**How to complete this task:** Keep the pictures out of the copy and repeat the records exactly.

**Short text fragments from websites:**
▽

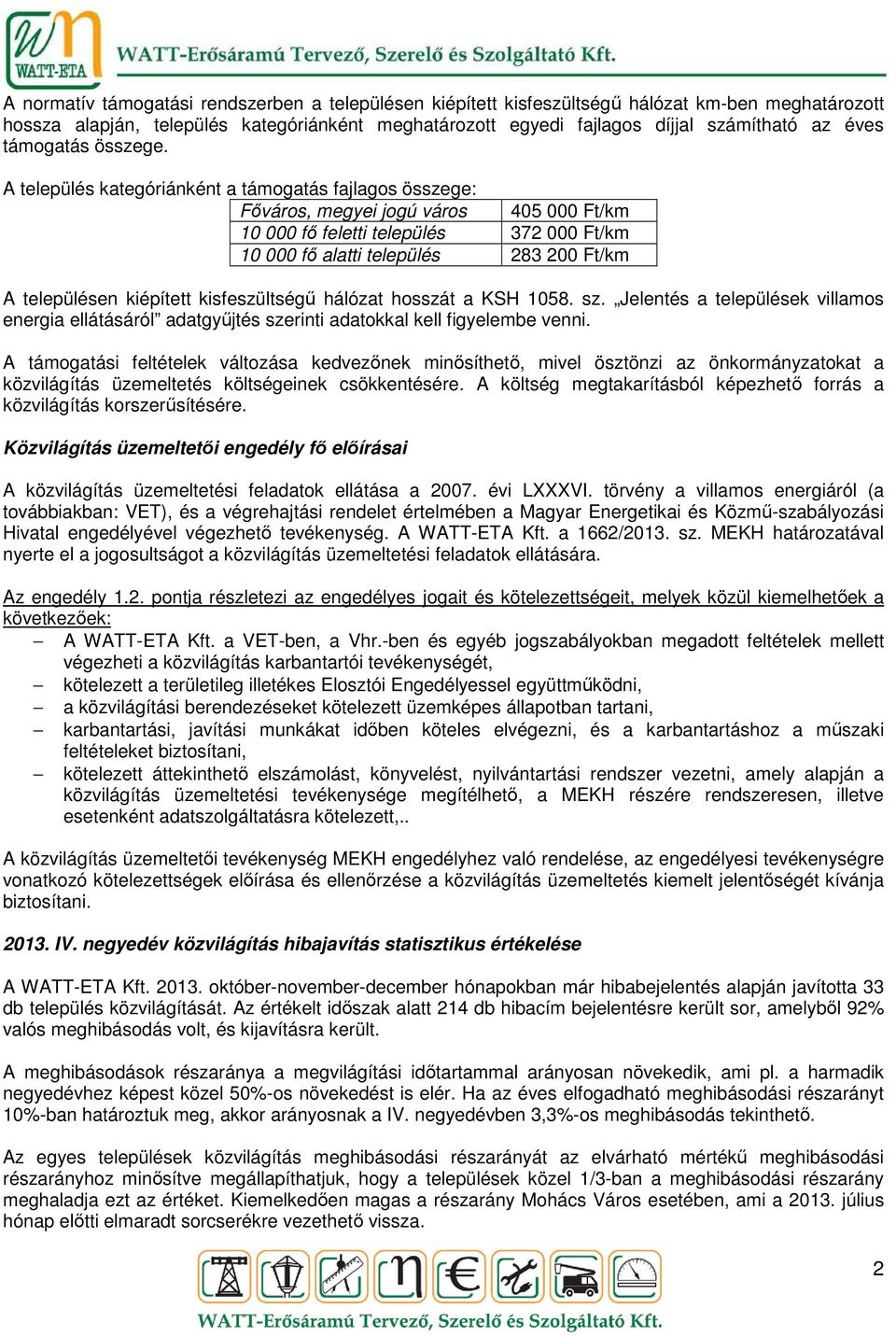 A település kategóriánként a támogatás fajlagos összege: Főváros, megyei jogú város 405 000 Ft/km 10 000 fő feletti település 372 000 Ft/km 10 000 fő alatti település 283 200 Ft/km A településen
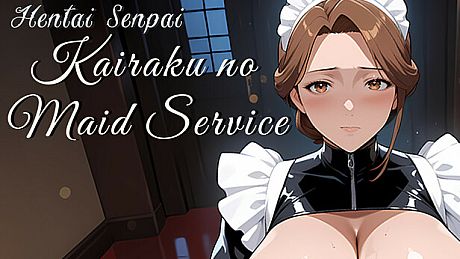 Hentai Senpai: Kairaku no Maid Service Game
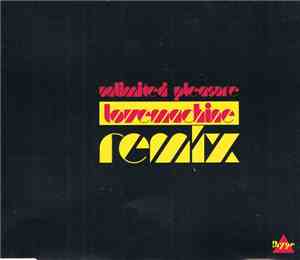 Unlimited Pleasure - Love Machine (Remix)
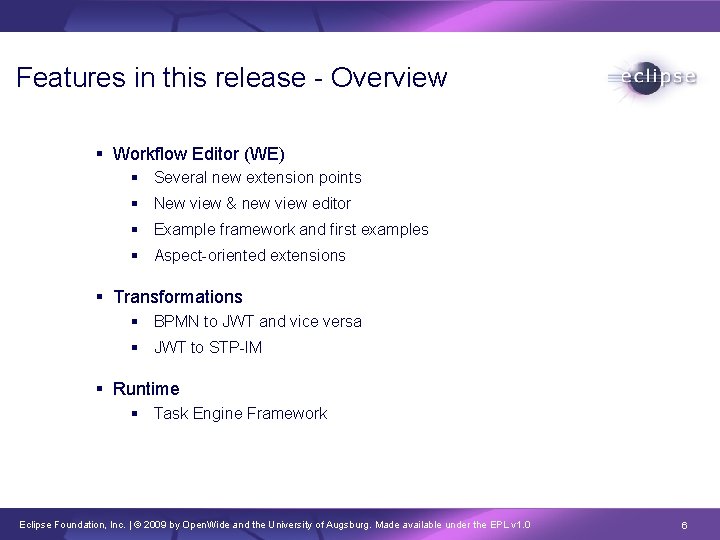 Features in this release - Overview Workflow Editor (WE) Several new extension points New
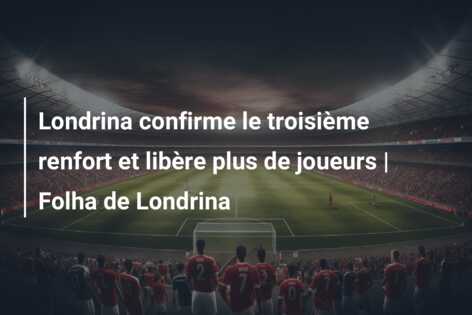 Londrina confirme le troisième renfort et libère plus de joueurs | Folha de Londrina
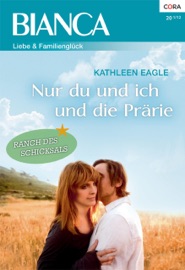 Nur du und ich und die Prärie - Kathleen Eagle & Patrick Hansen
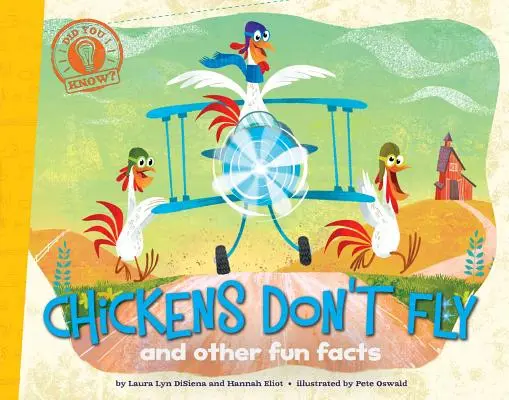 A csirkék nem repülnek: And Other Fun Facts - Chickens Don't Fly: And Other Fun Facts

△

**Output below:**
 A település kategóriánként a támogatás fajlagos összege: Főváros, megyei jogú város 405 000 Ft/km 10 000 fő feletti település 372 000 Ft/km 10 000 fő alatti település 283 200 Ft/km A településen
 Hentai Senpai: Kairaku no Maid Service Game
 Unlimited Pleasure - Love Machine (Remix)
 Features in this release - Overview Workflow Editor (WE) Several new extension points New
 Londrina confirme le troisième renfort et libère plus de joueurs | Folha de Londrina
 Nur du und ich und die Prärie - Kathleen Eagle & Patrick Hansen
 A csirkék nem repülnek: And Other Fun Facts - Chickens Don't Fly: And Other Fun Facts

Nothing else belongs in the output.